PSC - Naval Dockyard was born out of the Royal Malaysian Navy's dockyard facilities which was built to provide ship repairs and maintenance services. Under the corporatisation program advocated by the Malaysian Government, the dockyard was corporatised as Limbungan TLDM, a wholly owned government company. It had modern facilities to meet the total maintenance requirements of the Royal Malaysian Navy fleet, from hull repairs to major overhauls and from radar refitting to weapon systems refurbishment.

The company was taken over by the public listed Penang Shipbuilding Corporation Berhad, a company in the stable of the now bankrupt Amin Shah Omar Shah, and renamed PSC - Naval Dockyard Sdn Bhd to reflect the corporate relationship with Penang Shipbuilding Corporation.

In 2005, Public Accounts Committee (PAC) unveiled serious corruption in the PSC-ND and caused solemn concern from the public. Under pressure of the public, Malaysian government enforced a reorganization resulting in the forming of Boustead Heavy Industries.

New Generation Patrol Vessels contract 

PSC - Naval Dockyard Sdn Bhd was made the major contractor for the building and delivery of the New Generation Patrol Vessels (NGPV) programme for the Royal Malaysian Navy.  An international tender for bids was announced, with Germany, the United States, Australia and United Kingdom amongst others submitting their bids. PSC-ND was set to joint venture with the winner to complete the program.

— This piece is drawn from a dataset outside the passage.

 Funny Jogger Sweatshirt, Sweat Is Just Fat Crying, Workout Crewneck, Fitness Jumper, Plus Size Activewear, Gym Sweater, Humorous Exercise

The German Naval Group (GNG) with their proposed model, based on the Blohm + Voss MEKO 100 design, won the bid. A contract was signed on 13 October 1998 for an initial six units, with the GNG as the major sub-contractor. A member of the GNG, the Hamburg-based Blohm + Voss was to build the first two ships, while PSC-ND was to complete the final fitting out and trials. The remaining ships were to be built at the PSC-Naval Dockyard from ship modules supplied by the GNG, with a gradual increase of local content.

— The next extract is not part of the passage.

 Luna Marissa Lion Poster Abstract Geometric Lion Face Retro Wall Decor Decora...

The contract also involved technology transfer to PSC-ND from GNG as well as a specified a local content of not less than 30 percent, and an offset programme of not less than 30% of the contract value. The German Naval Group was also to make a counter purchase obligation amounting to 11% of the contract value.
The class of ship is now been classified as the Kedah Class Offshore Patrol Vessel. As of 2010, all 6 ships have been commissioned into the Royal Malaysian Navy.

Financial and delivery problems

In 2005, the Public Accounts Committee (PAC) brought up the public attention after they unveiled serious corruption in the PSC-ND management and also the failure to meet the delivery date of the first NGPV vessel. Local media revealed that the construction of the remaining vessels was also delayed due to financial difficulties in the PSC-Naval Dockyard. Reports of nonpayment to some 40 sub contractors who were owed RM180 million was met by shock from the public. PSC-ND also failed to pay some RM4 million in contributions to the Employees Provident Fund (EPF), the Inland Revenue Board and the National Co-operative Organisation despite having made salary deductions from its 1,500 staff.  PSC-ND has also reportedly sought another grant of RM1.8 billion from the government to complete the vessels.

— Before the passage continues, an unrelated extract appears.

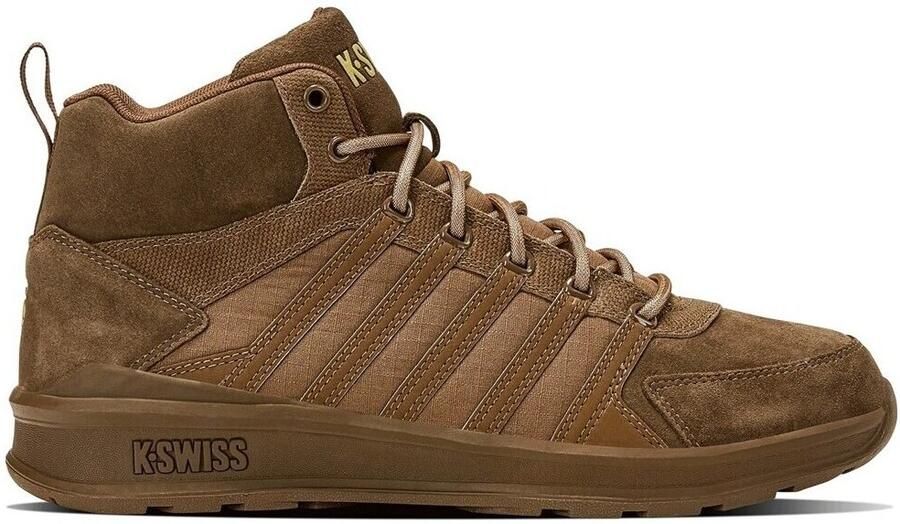 K-Swiss Vista Trainer Mid Herren Sneakers Sportschoenen Schoenen Leer Bruin 07145-210-M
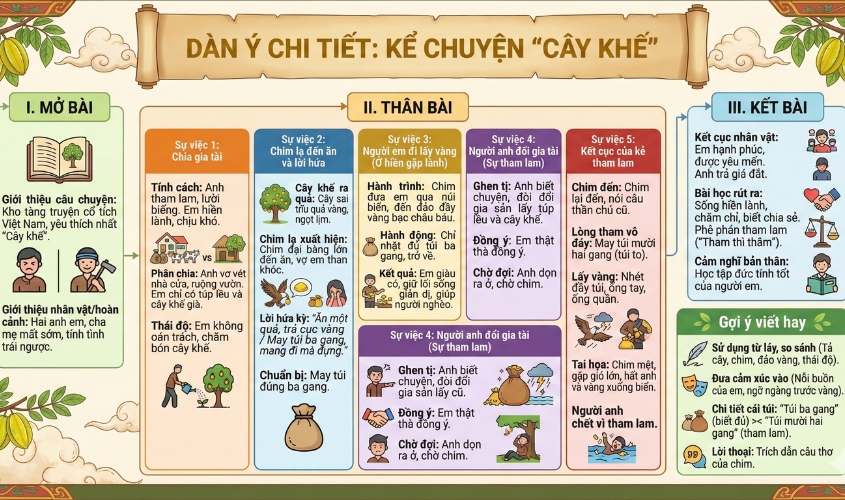 Dàn ý chi tiết bài văn kể lại câu chuyện Cây khế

The PAC claimed that RM120 million would be needed to salvage the first two vessels, and that the Government also needed to pump in at least RM80 million to pay off unpaid local vendors, suppliers and contractors.  This led the NGPV program into a crisis.

The Malaysian government then put in a new management team and the project was revived. Boustead Holdings Bhd, also a Government linked company, took up 37% of stake and became the single largest shareholder of Penang Shipbuilding and Construction Industries (PSCI). As a division of PSCI, PSC-ND was renamed Boustead Naval Shipyard Sdn Bhd and merged with Boustead's commercial shipbuilding companies to become Boustead Heavy Industries.

The first two vessels were eventually delivered and accepted by the Royal Malaysian Navy in 2006, after a delay of some 18 months.

Forming of BYO Marine 

In 2009, Boustead Heavy Industries Corporation Bhd reached an agreement with Yonca-Onuk JV of Turkey, a well known interceptor craft manufacturer to set up a joint venture. Through this joint venture, BYO Marine was formed, named using the names of both companies involved. BYO Marine designs, builds, commissions and supplies high speed advanced composite boats to South East Asia and is supported by a team from Yonca-Onuk JV. BYO Marine supplies interceptor craft to the Malaysia Maritime Enforcement Agency and offers missile equipped fast attack craft designed by Yonca-Onuk JV.

Acquisition of Contraves Advanced Devices 

In July 2010, Rheinmetall Defence of Düsseldorf, Germany, and Boustead Heavy Industries Corporation Bhd of Kuala Lumpur, Malaysia, entered a strategic agreement for the joint ownership of Contraves Advanced Devices Sdn Bhd located in Malacca. Under the joint agreement, Boustead Heavy Industries Corporation took up a 51% stake in the Rheinmetall subsidiary Contraves Advanced Devices effective 1 July 2010. Rheinmetall retained a 49% share in Contraves Advanced Devices and control of the operational management. Rheinmetall Defence and Boustead intended a further collaboration to serve new markets as well as enabling a technology transfer that would substantially benefit both Malaysian industry and the Malaysian Armed Forces. The partnership sought to foster the growth of high-tech production in Malaysia to strengthen the country's defence technology industrial base and open additional opportunities for exports.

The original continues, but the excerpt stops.